*SUPPLIED MATERIAL*
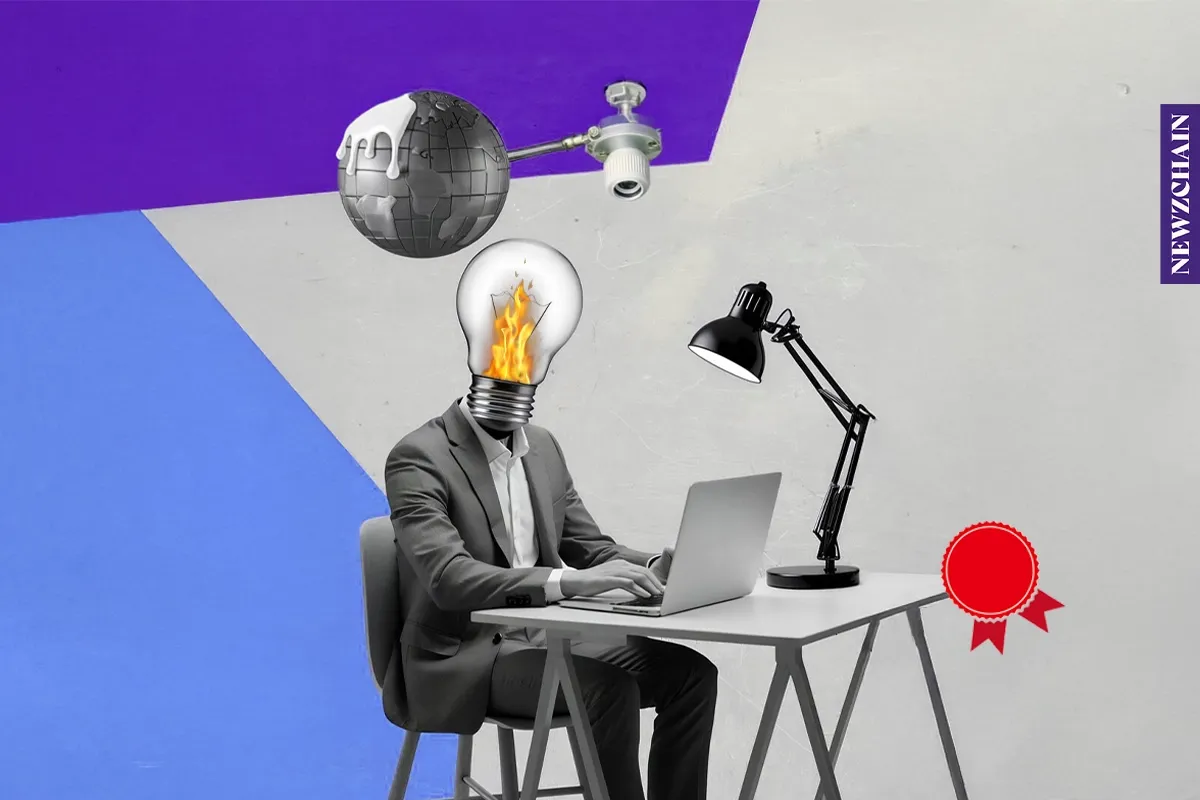 Illustration of burnout and hustle culture with a clock and exhausted figure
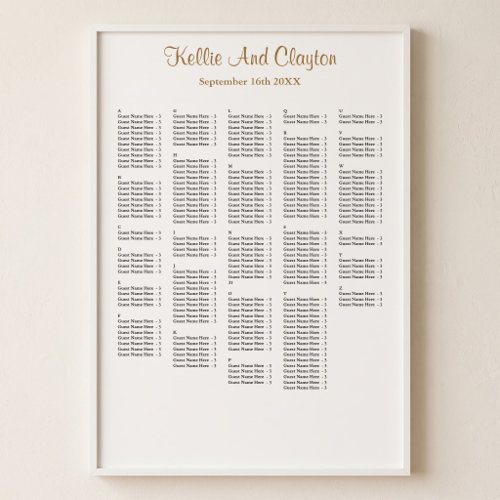 250+ White Simple Wedding Seating Chart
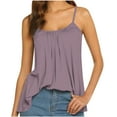 thumbnail image 2 of LEBONYARD Womens Tops Dressy Casual,Women Fashion Summer Sexy Sleeveless Solid Color Light Loose Ventilation T-Shirt Purple XXL, 2 of 8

*PROBLEM DETAILS*
The expected output is exactly the lines from the one containing "250+ White Simple Wedding Seating Chart" through the last line of the listing, both included, with every picture left out.

*RESULT OF THE EXERCISE*
 250+ White Simple Wedding Seating Chart
 thumbnail image 2 of LEBONYARD Womens Tops Dressy Casual,Women Fashion Summer Sexy Sleeveless Solid Color Light Loose Ventilation T-Shirt Purple XXL, 2 of 8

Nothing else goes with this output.